@JWilliams

so, it's not that nothing escapes a black hole, Neutrino do?

@artemis Nothing escapes black holes themselves. But the regions near black holes are where some really high energy things take place, including electron corona, accretion disks that release monstrous amounts of energy, and jets of material. It is these regions that produce emissions such as the neutrinos detected here.

@JWilliams
Awesome. Thank you for explaining. So, the regions nearby... Amazing how things are inter-connected.

@artemis yes. And the tremendous gravity well results in material which is falling in (being accreted) radiating away up to ~42% of the material's rest mass.

By contrast, nuclear fusion converts about 1/2% of rest mass into energy.

Accretion is the most efficient means known (aside from matter-antimatter annihilation) to convert matter to energy, and the regions near supermassive black holes are the most powerful long-term sources of energy in the known universe.

@JWilliams
So interesting.
I know this is a different sort of physics, but w'd I be wrong to interpret what you r saying as a form of energy conservation law? and, that energy and matter are part of a fluid continuum?
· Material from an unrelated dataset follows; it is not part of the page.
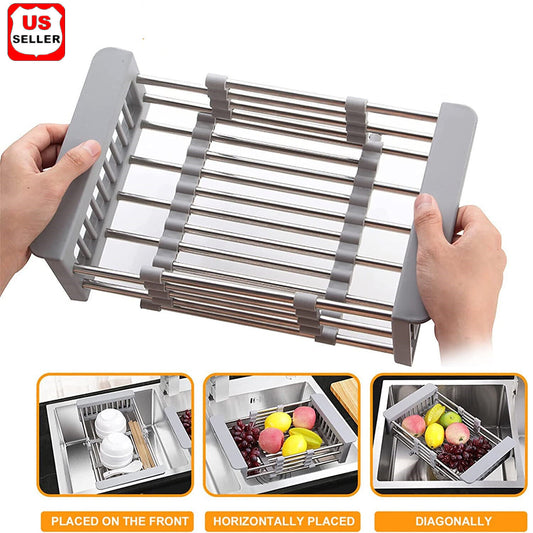 Adjustable Stainless Steel Kitchen Dish Drying Sink Rack Drain Strainer Basket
@artemis it's all conserved, yes. It gets kind of funky because the energies are so extreme that relativistic effects come into play. But the energy gained due to the change in potential as material falls into a black hole has to go somewhere -- in this case, it's being converted to heat (and radiated away), or neutrinos through other high energy processes.

@JWilliams
Amazing.
So tempting to imagine that one day it might* be possible to harvest this accretion energy.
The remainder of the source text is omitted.